Statesman Scholar Makenzie Cloninger
The ‘dream school’ Makenzie Cloninger envisioned from the time she was a child is what she found at Richard Bland College of William & Mary.
“Richard Bland College has given me a lot of things that I never even knew that I wanted. It has also checked off everything that I dreamed to have in my college experience,” says Cloninger, a member of RBC’s Class of 2019. “Amazing experiences can come from the most unexpected places.”
Financial reasons prompted the Colonial Height native to apply to Richard Bland when she realized a four-year university’s tuition was out of reach. Through scholarships, Cloninger was able to attend RBC and has flourished.
“When I look back on my freshman year at Richard Bland, I see what I have accomplished and how I have changed since high school,” Cloninger reflects. “I remember how I made my first friend at RBC on the second day of classes, and everything just took off from there.

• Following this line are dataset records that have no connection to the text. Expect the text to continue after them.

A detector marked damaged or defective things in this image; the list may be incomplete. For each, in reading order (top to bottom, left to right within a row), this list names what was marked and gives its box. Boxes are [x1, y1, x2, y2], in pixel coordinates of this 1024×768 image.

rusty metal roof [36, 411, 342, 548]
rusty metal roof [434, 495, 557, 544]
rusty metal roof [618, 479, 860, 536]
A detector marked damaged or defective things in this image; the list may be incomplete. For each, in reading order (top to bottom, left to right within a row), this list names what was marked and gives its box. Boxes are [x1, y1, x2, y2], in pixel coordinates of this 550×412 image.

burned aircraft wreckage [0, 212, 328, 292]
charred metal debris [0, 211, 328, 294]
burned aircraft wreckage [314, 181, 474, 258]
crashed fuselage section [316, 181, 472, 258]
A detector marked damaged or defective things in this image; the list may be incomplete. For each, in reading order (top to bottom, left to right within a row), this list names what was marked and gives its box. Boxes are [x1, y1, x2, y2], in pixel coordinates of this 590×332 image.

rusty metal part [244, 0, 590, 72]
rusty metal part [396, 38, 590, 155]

In high school, I was incredibly shy. I would only participate in class when I had to, and I would never actively try to be involved or speak my mind. I never expected Richard Bland and the people here to change me so much. I have gone from that shy girl who would hide in the back of the classroom and barely speak, to someone who actively participates in discussions and is a member of multiple clubs.”
The honor student is a tutor at RBC. She is also a Student Ambassador, a position within Admissions that introduces the College to prospective students through campus tours and orientations.

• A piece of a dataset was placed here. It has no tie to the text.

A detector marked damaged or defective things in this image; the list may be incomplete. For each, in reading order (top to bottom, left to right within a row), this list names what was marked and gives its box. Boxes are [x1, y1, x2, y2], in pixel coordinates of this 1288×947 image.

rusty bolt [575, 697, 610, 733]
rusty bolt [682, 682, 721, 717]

Last year, Cloninger participated in a service-learning spring break trip to historic Hobcaw Barony, South Carolina. She learned about the ecology and history of the area and helped preserve the grounds. “The feeling of accomplishment to better a place of with such great history is something I will hold onto my entire life,” says Cloninger.
Cloninger also participated in a five-week Stream Ecosystems Assessment program in West Virginia that included classroom study and hands-on experiential learning. “The class measured and evaluated streams and explored aquatic life in the Monongahela National Forest,” Cloninger explains. “It was a once-in-a-lifetime experience that taught me how to make connections and learn outside the classroom.”
Cloninger says the combination of academics and extra circular programs at RBC have prepared her to attend William & Mary this fall. She plans to double major in environmental science and biology with a minor in marine science and wants to pursue a career in marine life rehabilitation.
“I am grateful to Richard Bland for the many opportunities to grow as a student and adult,” she says. “I wholeheartedly believe that RBC offers experiences that are impossible to replicate anywhere else.”